Not knowing the deep meaning of things,
We disturb peace of mind without purpose.

Even though he is said to have died in 606, he actually passed on the robe and begging bowl of Bodhidharma – the symbols of patriarchy – to Tao-hsin and turned towards the south, where he vanished from history. Before followers of Ch'an tradition had even begun to think about a school or strict Ch'an transmission, Seng-ts'an gave it up for a life more in line with the quintessence of Bodhidharma's teaching.

Tao-hsin was only twenty-six when he received Seng-ts'an's recognition as the fourth patriarch. He lived during the rise of the short-lived Sui Dynasty, which united the whole of China for the first time in three hundred years, and the early decades of the magnificent T'ang Dynasty, which reconstructed Ch'ang-an and elevated Loyang into a second Alexandria as the crossroads of Asia and meeting-point of the hemisphere's worldly and spiritual concerns. Tao-hsin pursued three goals as Ch'an patriarch: he sought to make full use of the radically changing political structure of China to spread buddhavachana; he realized the importance of giving the Ch'an method a home, knowing that Bodhidharma's message could not survive forever through itinerant mendicants; and he remained as staunchly devoted to meditation as had Bodhidharma himself. In a sermon, one of the few fragments of his teachings which survives, he said:

Sit earnestly in meditation. Sitting in meditation is basic to all else. By the time you do this for three to five years, you will be able to ward off starvation with a bit of meal. Close the door and sit. Do not read the sutras, and speak to no man. If you will exercise in this way and persist for a long time, the fruit will be sweet like the nutmeat the monkey plucks from the shell. But such people are very rare.

Tao-hsin used the Lankavatara Sutra as the basis for his instruction. Once when a walled town was attacked by bandits, he led the besieged community in such forceful chanting that long dry wells flowed with fresh water and the attackers withdrew. After residing at Mount Lu for a number of years, he established a monastery for five hundred monks on Shuang-feng (Twin Peaks) and dwelt there for thirty years. Though he adhered to begging for food, he stressed its importance in cultivating moral character rather than for mere sustenance, thereby winning support for a social practice the Chinese had never known. Having founded a communal group, he earned the respect of both people and state for the Ch'an tradition. Without leaving Shuang-feng, he became a figure of such national prominence that he once successfully refused the powerful T'ang emperor's summons to come to the capital on pain of death for failing to do so. In accord with his own teaching that "when the mind is quietened in its deepest abode, its entanglements are cut asunder. . . the mind in its purity is like shunyata, the Void itself", he retired into his tomb in 651 and, entering meditation, passed from this world.
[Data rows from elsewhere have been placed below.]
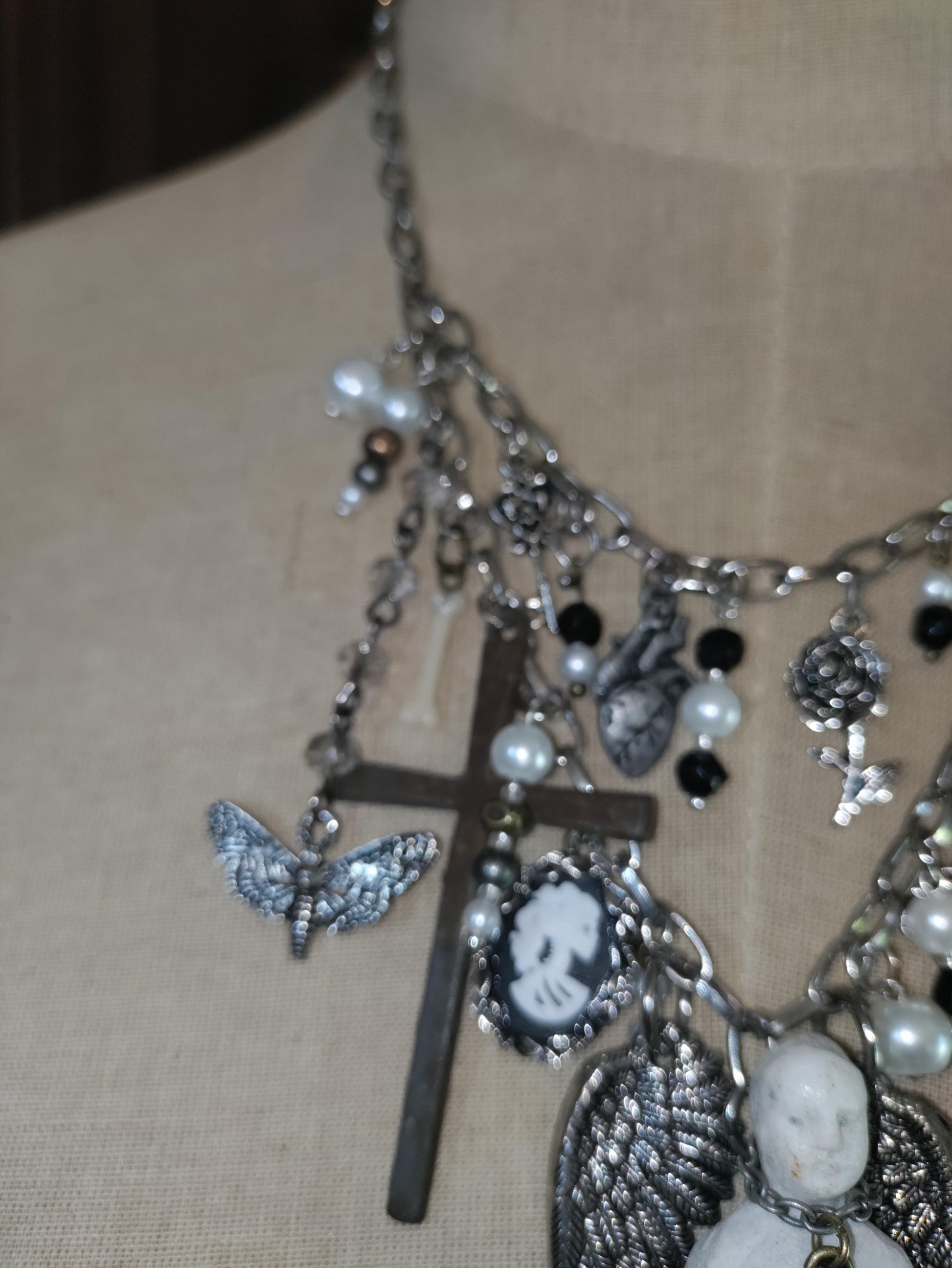 Gothic Angel Necklace: Antique Bisque Doll, Ribcage, Skull, Cross Heart Charms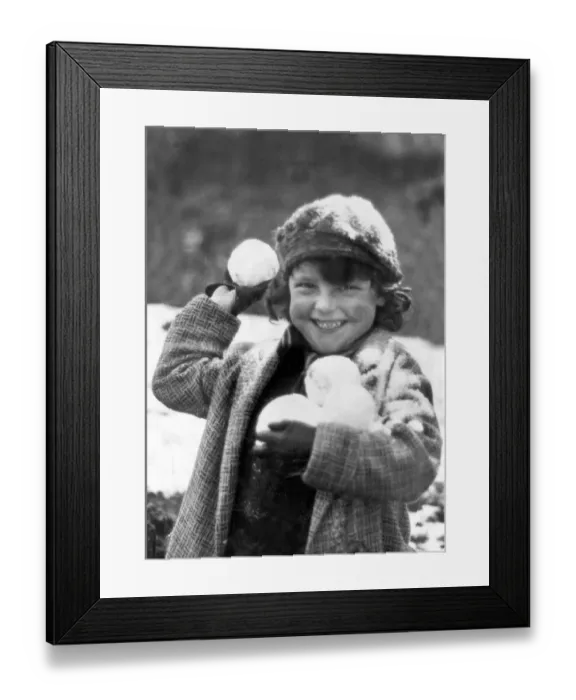 Framed Print : Snowball. A small child, wrapped up against the cold in Penrhos Framed Print : Snowball. A small child, wrapped up against the cold in Penrhos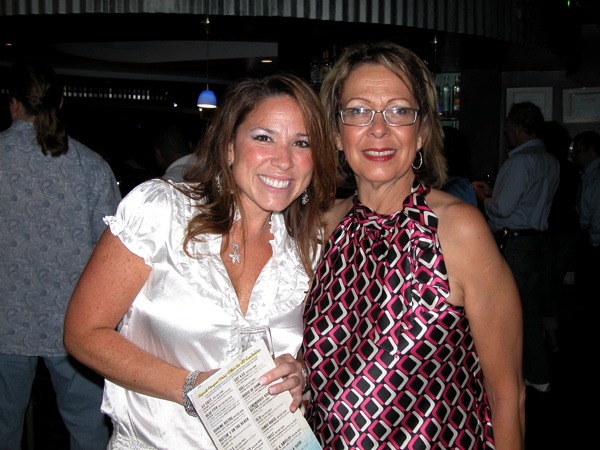 Karla Portocarrero of Hospira Worldwide, left, with Maria Gaitan of Consumer Credit Management Services Inc.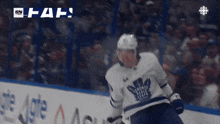 a hockey player in a toronto maple leafs jersey stands on the ice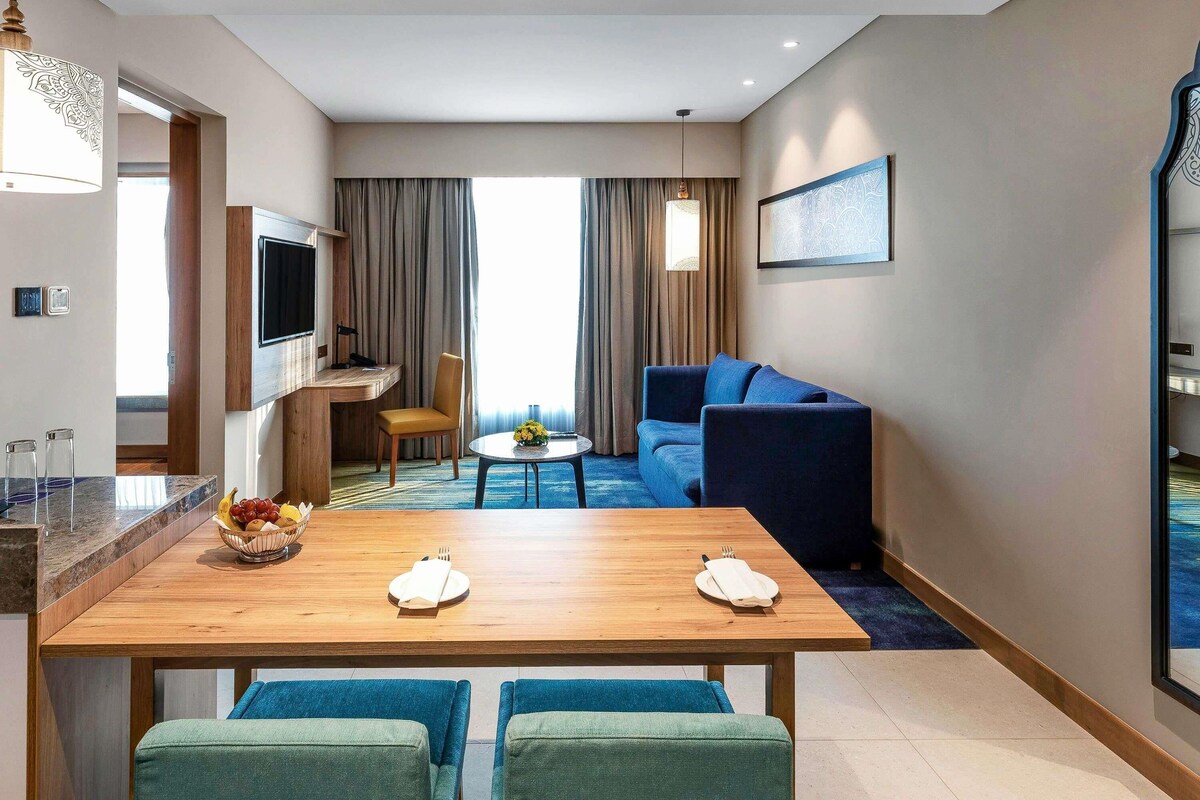 A modern hotel room with a dining area, a sofa, a TV, and a large window with curtains.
The fifth patriarch was Hung-jen, whose first encounter with Tao-hsin marked him for the patriarchy. When Hung-jen was fourteen he met Tao-hsin, who politely asked, "What is your family name?" In Chinese, the word for 'family name' is pronounced in the same way as the word for 'nature'. Deliberately misconstruing the question for "What is your nature?" Hung-jen replied, "My nature is not ordinary; it is the Buddha-nature."

"But," Tao-hsin asked, taking the clue, "don't you have a family name?"

"No," Hung-jen responded, "for the Teachings say that our nature is void."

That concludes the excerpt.